Подобно тому, как мы обыкновенно тогда предаемся усердно делу, когда нам хорошо удается начало, а когда с самого начала и, так сказать, с первого шагу чувствуем неудачи и затруднение, вскоре же отступаемся от него, потому что у нас пропадает охота к нему, так точно и женщины, подвергающияся раннему вдовству, естественно должны бы воздерживаться от второго брака. В самом деле, та, которая много времени была при деле и хорошо свыклась с ним, приступит опять к таким же трудам, как ожидавшая найти то же самое; та же, которая испытала столь тяжкое начало, с каким расположением и надеждой пойдет опять на испытание тягостей? Если все мы уважаем и одобряем жен, которые воздерживаются от своих мужей еще при жизни их, то как нужно уважать и хвалить тех, которые и по смерти их обнаруживают к ним прежнее расположение?

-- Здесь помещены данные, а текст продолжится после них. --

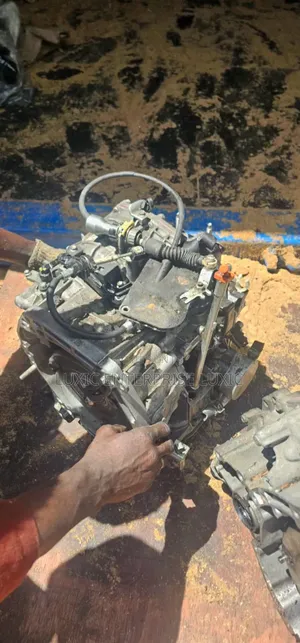 Suzuki Alto New Model Gearbox Slightly Used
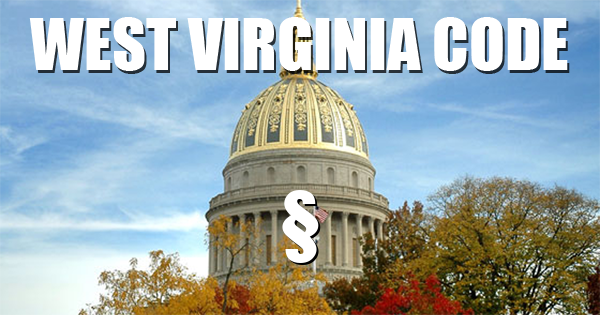 West Virginia Code §8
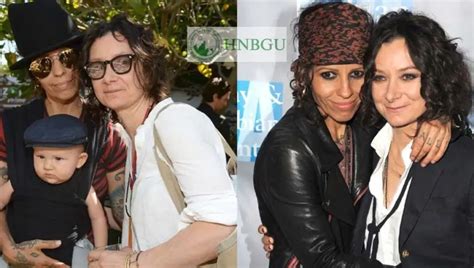 Who Is Sara Gilbert Married To Now Is Sara Gilbert Still Married To Linda Perry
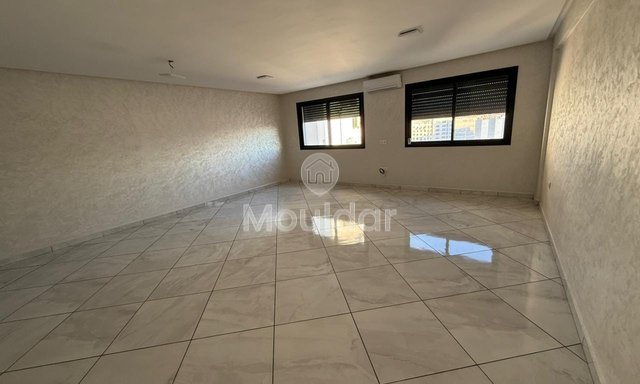 مكاتب للإيجار في الدار البيضاء - الصخور السوداء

Итак, мы не отвергаем второго брака, а только увещеваем, если кто может воздерживаться, довольствоваться первым. И это потому, что второй брак часто бывает источником и поводом для распри и ежедневных ссор. Часто бывает, что муж, сидя за столом, вспомнит о первой жене и тихо всплакнет о ней в присутствии второй, а та тотчас же приходит в ярость и бросается на него подобно зверю, желая наказать его за любовь к той; равным образом, если он вздумает похвалить умершую, эти похвалы являются поводом к ссоре и брани.
С умершими врагами мы миримся и по окончании жизни прекращаем с ними всякую вражду; с женами же все бывает наоборот: ту, которой вторая жена не видала и не слыхала, от которой не потерпела никакого зла, она ненавидит и проклинает, и даже смерть не прекращает ее ненависти. Кто видел, кто слышал, чтобы ревновали к праху, чтобы враждовали с пеплом? Но и этим не ограничивается зло. Родятся ли от второй жены дети, не родятся ли, опять вражда и брань. Если они не родятся, она предается великой скорби и смотрит на детей от первой жены как на врагов своих, причинивших ей величайшую обиду, так как через их жизнь острее чувствует свою собственную бездетность.
Если они родятся, опять не меньшее зло: муж, часто будучи нежно расположен к умершей, оказывает покровительство ее детям, любя их и жалея как сирот, а та желает, чтобы всюду оказывалось предпочтение ее детям. Слушайте, мужья, слушайте, жены, о любви супругов, которую они показали друг к другу, подвергаясь за нее даже опасностям! Когда Авраам поселился в Герарах, то сказал о Сарре, жене своей: «она сестра моя» (Быт. 20:2), потому что боялся сказать: жена моя, чтобы из-за нее жители города не убили его.
И «послал Авимелех, царь Герарский, и взял Сарру». Представь ту бурю помыслов, которую испытал праведник, видя, как уводят жену его, и будучи не в состоянии ничем помочь себе. Молчаливо переносил он все, зная, что Господь не оставит его, а окажет скорую помощь. Нужно удивляться и великой любви Сарры, которую показала она, чтобы избавить праведника от опасности.
Ей можно было открыть обман и избежать угрожавшего бесчестия; но она мужественно терпела все, чтобы доставить праведнику спасение. И исполнилось в этом случае изречение: «будут одна плоть» (Быт. 2:24). Как бы будучи одной плотью, они заботились о спасении друг друга и обнаруживали такое согласие, как будто были одним телом и одной душой.
Пусть слышат это мужья, пусть слышат жены, чтобы и эти последние обнаруживали такую же нежную любовь к мужьям, и те имели к ним столь же большое расположение, и чтобы делали все так, как будто имея одну душу и будучи одним телом.